Le territoire de la république paraguayenne représente un immense delta borné à l’ouest par le fleuve qui lui a donné son nom, à l’est et au sud par le Rio-Paranà qui reçoit les eaux du précédent sous les 27° 24’de latitude. Il est séparé du côté du nord des possessions brésiliennes par les rios Corrientes ou Apa et Yaguarey. Ainsi, il s’étend en latitude des 22° aux 27° et quelques minutes, et offre une superficie que l’on peut évaluer à plus de dix mille lieues carrées.

Mais ces limites sont incertaines ; le gouvernement s’y renferme ou en sort toutes les fois que l’intérêt de sa sécurité ou les raisons de sa politique le lui commandent ; car le docteur Francia et ses successeurs ont élevé de tout temps des prétentions à la possession de vastes territoires dans les Missions de l’Entre-Rios et dans le Grand-Chaco. De loin en loin, ils font acte de souveraineté à l’aide d’expéditions militaires ou de tentatives de colonisation.

Des deux fleuves qui circonscrivent la partie principale et essentielle de la république, l’un, le Paraguay, qui paraît avoir reçu les premiers le nom mensonger de Rio de la Plata (rivière d’Argent), prend sa source dans la province brésilienne de Mato-Grosso, par 14° 35’de latitude ; dans son cours lent et majestueux, il se dirige du nord au sud sans s’écarter sensiblement du 60° de longitude occidentale.

L’autre cours d’eau, le Paranà, ce fleuve géant que les Indiens Guaranis, dans leur langage monosyllabique, comparent à la mer[1], formé dans les environs de Villa Boa de Goyoz par plusieurs branches qui bientôt se confondent en un tronc principal, coule au sud-ouest, puis au sud jusqu’au vingt-septième parallèle. Arrivé là, le fleuve s’infléchit brusquement à l’ouest jusqu’aux 60° 50’de longitude, où il s’enfle des eaux du Paraguay.

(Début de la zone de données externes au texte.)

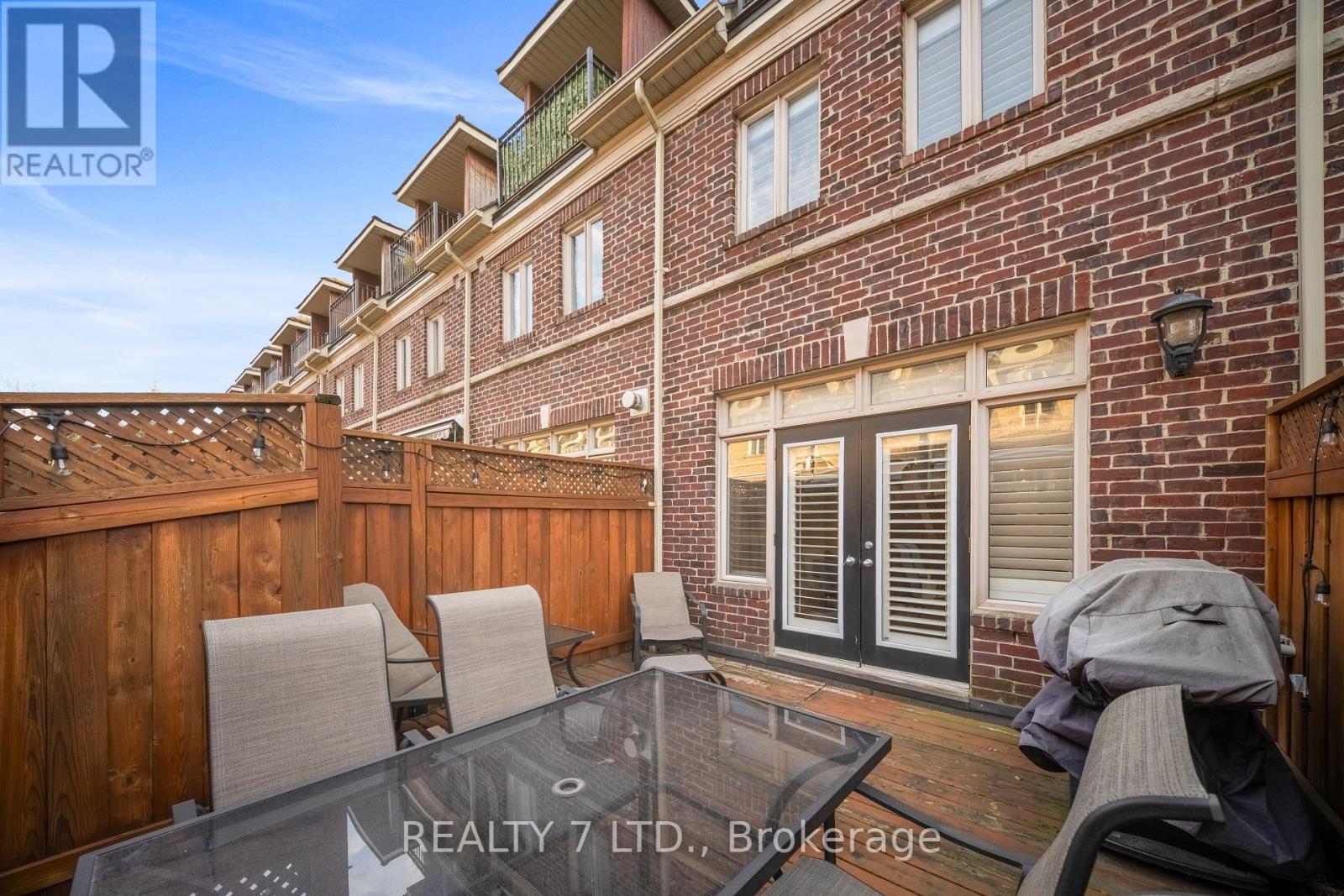 44 FURROW LANE - 46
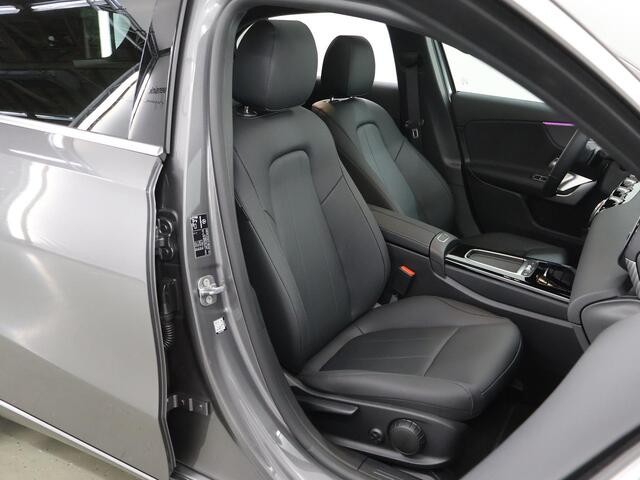 Mercedes-Benz A-KLASSE 250 e Star Edition Luxury Line Panoramadak | 18 inch LM Velgen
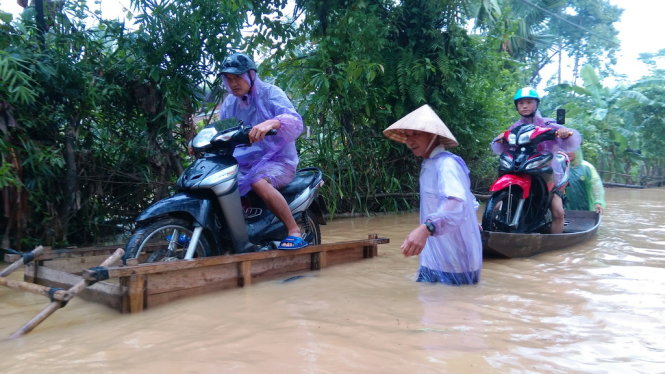 Người dân rốn lũ Hương Khê lại nháo nhào chạy lũ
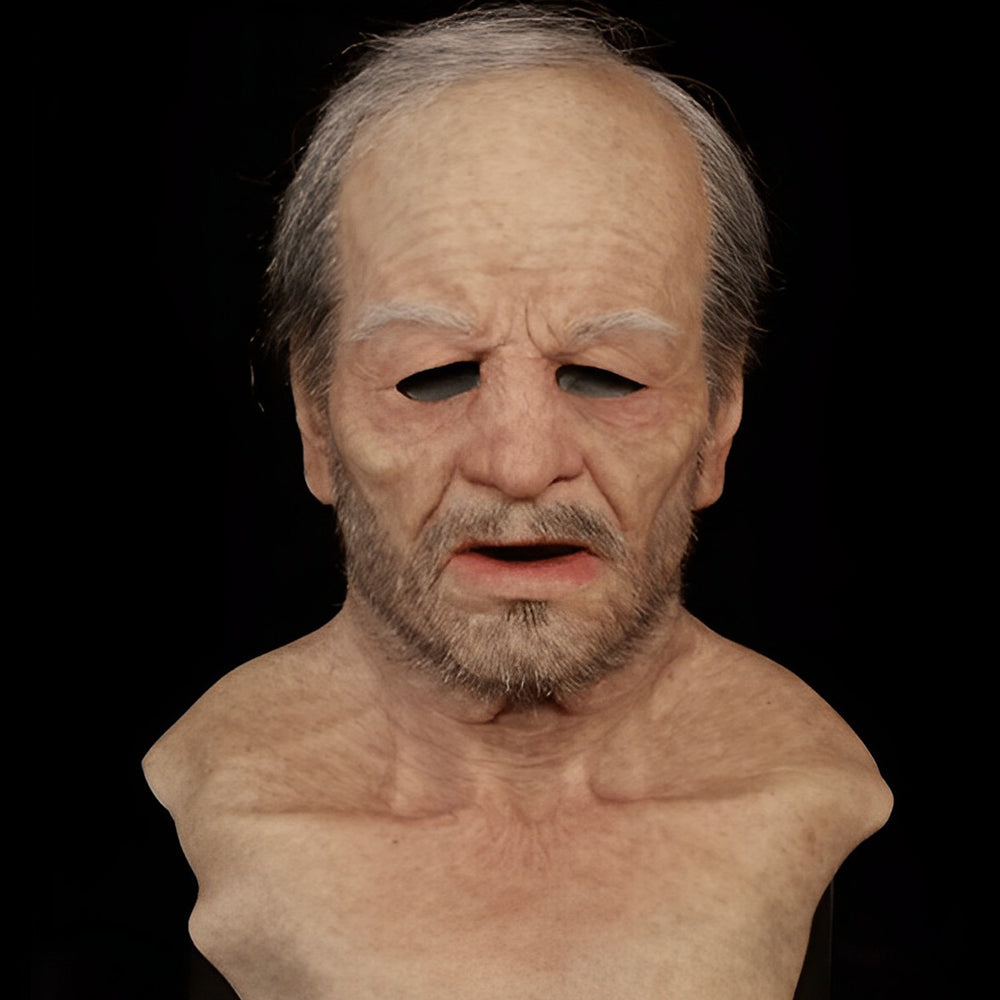 Detaljert bestemor ansiktsmaske i lateks, perfekt for Halloween og cosplay.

Puis il se dirige de nouveau vers le sud, et conserve cette direction jusqu’au moment où par sa jonction avec l’Uruguay il forme le Rio de la Plata, ou Paranà-Guazà des Aborigènes.

Ces deux grands fleuves éprouvent des crues à peu près fixes et régulières ; mais si le Paranà surpasse le Rio-Paraguay par le volume beaucoup plus considérable de ses eaux, il est loin de l’égaler par la régularité de son cours, la profondeur et la largeur uniformes et constantes de son lit.

Sous les 24° 4′ 58″ de latitude, la navigation de cette grande artère est, en effet, interrompue par une cataracte qui efface les plus célèbres en ce genre, sans excepter peut être le saut fameux du Niagara. Azara, qui, s’il ne parle pas en témoin oculaire, paraît du moins s’être inspiré des relations les plus exactes, décrit ainsi ce spectacle grandiose :

« C’est une cascade effroyable et digne d’être décrite par les poëtes. Il s’agit d’une rivière qui, dans cet endroit même, a plus d’eau qu’une multitude des plus grands fleuves de l’Europe réunis, et qui, au moment où elle se précipite, a dans son état moyen beaucoup de fond et deux mille cent toises de largeur (on l’a mesurée), ce qui fait presque une lieue marine. Cette énorme largeur se réduit subitement à un canal unique qui n’a que trente toises, dans lequel entre toute la masse d’eau en se précipitant avec une fureur épouvantable. On dirait que cette rivière, fière du volume et de la vitesse de ses eaux, les plus considérables du monde, veut ébranler la terre jusque dans son centre, et opérer la mutation

  1. Panorama de Para mer, et ana adverbe de comparaison. On trouve dans les historiens cette étymologie traduite par les phrases suivantes : Parent de la mer, puissant comme la mer.